_Exercise instructions_
A faithful copy of all the data is the goal; omit the pictures.

_Source material_
***

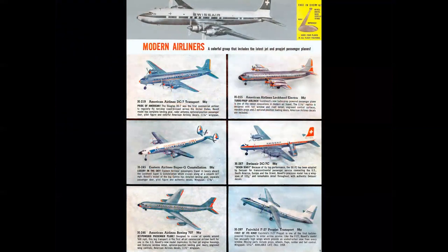Revell used actual build-ups in their 1958 catalog. In 1957 they were using the box art, but in '58 they went to the build-up and you could actually see the finished model. I think that was even more of an enticement because you wanted to go out and buy them and make them look just like the ones in the catalog.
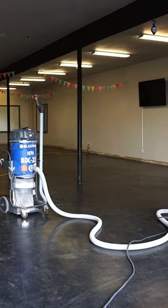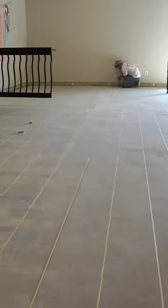Watch as this concrete floor turns into this hardwood floor in just 30 seconds. The process is simple: prep the floor, tape off grout lines, mix the concrete.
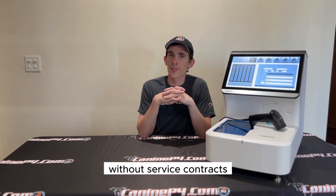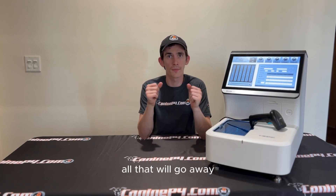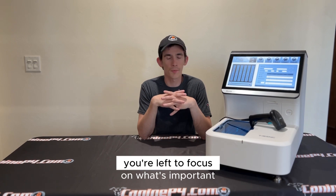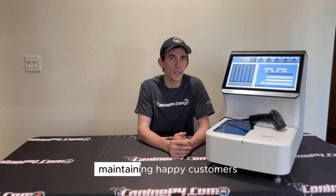Without service contracts, you're not stuck hassling, negotiating, or expecting higher re-up prices than you previously paid — all of that goes away. You're left to focus on what's important: running your clinic, getting your results out, and maintaining happy customers.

***

_Solution to this problem_
Revell used actual build-ups in their 1958 catalog. In 1957 they were using the box art, but in '58 they went to the build-up and you could actually see the finished model. I think that was even more of an enticement because you wanted to go out and buy them and make them look just like the ones in the catalog.
Watch as this concrete floor turns into this hardwood floor in just 30 seconds. The process is simple: prep the floor, tape off grout lines, mix the concrete.
Without service contracts, you're not stuck hassling, negotiating, or expecting higher re-up prices than you previously paid — all of that goes away. You're left to focus on what's important: running your clinic, getting your results out, and maintaining happy customers.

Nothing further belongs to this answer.